Jean-Luc Bourdon: Markets reflect the aggregate reaction of market participants, most of which are all too human. Therefore, any bit of bad news goes through the same knee-jerk, emotional and ultimately reasonable reaction. The drama unleashed by the Brexit vote will play out over several years. Along the way, we’ll likely see cycles of surprising news repeat itself. Just remember how the Greek debt crisis played out.
Michael Goodman: Unlike the rest of the EU, the UK is not tied to the Euro. The UK has its own currency, the British Pound. Had this involved the Euro instead of the Pound, the implications would be significantly more challenging for the continent and for U.S. company earnings. In addition, it is important to note that the while this is a big problem, it is a big problem for a country that makes up less than 4% of the global economy.
Sandra Truitt: Is now the time to pull out of planned investments?
Chris Benson: Our investment philosophy has always been, and will always be, to keep a long-term focus and not overreact to short-term market events. If you’ve ever been on a boat, you know that everyone tells you to focus on the horizon to avoid getting seasick. Watching the choppy waters directly in front of you will only make you more nauseated. Even though your clients may be tempted to focus on that choppy water and short-term volatility in the markets, try to divert their eyes to long-term goals on the distant horizon.

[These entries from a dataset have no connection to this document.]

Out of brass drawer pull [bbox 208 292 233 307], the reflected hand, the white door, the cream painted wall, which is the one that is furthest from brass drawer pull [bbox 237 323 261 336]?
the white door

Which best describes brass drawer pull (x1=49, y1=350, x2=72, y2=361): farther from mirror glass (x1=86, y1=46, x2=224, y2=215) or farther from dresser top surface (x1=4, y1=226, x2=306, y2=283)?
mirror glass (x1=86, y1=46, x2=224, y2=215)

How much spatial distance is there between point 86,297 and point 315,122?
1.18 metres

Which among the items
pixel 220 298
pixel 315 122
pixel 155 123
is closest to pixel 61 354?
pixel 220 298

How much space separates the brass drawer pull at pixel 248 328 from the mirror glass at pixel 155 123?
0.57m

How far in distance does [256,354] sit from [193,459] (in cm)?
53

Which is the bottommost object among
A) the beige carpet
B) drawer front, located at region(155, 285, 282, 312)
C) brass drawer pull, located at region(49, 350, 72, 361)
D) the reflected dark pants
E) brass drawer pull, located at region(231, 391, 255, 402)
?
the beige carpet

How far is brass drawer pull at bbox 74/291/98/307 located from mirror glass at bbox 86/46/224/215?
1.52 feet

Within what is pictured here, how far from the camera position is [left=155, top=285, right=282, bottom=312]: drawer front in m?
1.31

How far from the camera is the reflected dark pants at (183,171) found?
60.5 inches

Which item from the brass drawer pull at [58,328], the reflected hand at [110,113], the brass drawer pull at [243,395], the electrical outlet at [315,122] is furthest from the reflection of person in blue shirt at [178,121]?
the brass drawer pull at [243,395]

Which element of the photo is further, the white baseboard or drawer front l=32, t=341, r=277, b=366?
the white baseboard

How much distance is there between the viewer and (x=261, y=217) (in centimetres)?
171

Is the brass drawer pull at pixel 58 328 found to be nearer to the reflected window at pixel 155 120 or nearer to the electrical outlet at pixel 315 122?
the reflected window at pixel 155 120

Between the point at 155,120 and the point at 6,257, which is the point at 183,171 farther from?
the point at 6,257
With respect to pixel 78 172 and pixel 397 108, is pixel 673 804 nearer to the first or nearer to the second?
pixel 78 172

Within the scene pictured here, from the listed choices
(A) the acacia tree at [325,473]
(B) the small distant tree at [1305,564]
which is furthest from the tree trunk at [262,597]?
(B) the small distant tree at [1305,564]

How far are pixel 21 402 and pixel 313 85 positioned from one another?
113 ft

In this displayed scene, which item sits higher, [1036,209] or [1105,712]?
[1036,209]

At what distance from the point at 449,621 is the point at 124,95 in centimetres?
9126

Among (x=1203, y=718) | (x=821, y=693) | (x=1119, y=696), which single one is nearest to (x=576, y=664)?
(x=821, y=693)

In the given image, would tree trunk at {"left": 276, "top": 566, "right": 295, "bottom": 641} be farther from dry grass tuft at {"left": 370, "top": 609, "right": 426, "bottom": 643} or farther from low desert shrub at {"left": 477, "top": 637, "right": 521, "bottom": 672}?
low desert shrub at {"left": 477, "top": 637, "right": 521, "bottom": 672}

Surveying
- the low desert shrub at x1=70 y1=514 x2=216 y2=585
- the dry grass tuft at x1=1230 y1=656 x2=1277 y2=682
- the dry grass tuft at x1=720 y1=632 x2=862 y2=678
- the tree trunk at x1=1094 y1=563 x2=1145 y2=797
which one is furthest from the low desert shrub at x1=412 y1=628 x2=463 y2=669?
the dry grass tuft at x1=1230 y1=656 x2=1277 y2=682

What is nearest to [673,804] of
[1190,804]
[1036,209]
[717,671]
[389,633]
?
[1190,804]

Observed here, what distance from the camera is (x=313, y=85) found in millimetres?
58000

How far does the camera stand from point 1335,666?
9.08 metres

Jean-Luc Bourdon: For the long-term investor, these dips are irrelevant because they aren’t reliably predictable and tend to have no lasting impact. Indeed, events that bring global markets down are generally followed by significant upswings, once rationality sets in and the world finds a way to go on. Meanwhile, many fearful investors who exit the markets miss the recoveries. By contrast, long-term investors who follow a diversified investment strategy that fits their circumstances are often rewarded over time. We should always guard our rational plans from our emotional reactions, and our long-term strategy from our short-term impulses.
Michael Goodman: As evidence continues to show, remaining in a diversified portfolio of stocks and bonds, rebalancing when appropriate, focusing on the long term picture, and resisting the urge to react to short-term news remain the keys to reaching long-term goals. Short-term volatility, media headlines and uncertainty can make people uncomfortable. This is just one of dozens of crises dating back to the beginning of the markets.
Sandra Truitt: Jean-Luc, you were born, and lived many years, in Belgium. I’m sure you have some additional, unique perspectives to share.
Jean-Luc Bourdon: Political crises will come and go, but the fortunes of long-term global investors should continue to be far more dependent on technological innovation than political events.
Sandra Truit: Thanks to all of you for your observations and advice. I’m sure we’ll see more content on Brexit and its effect on investments over the next several years.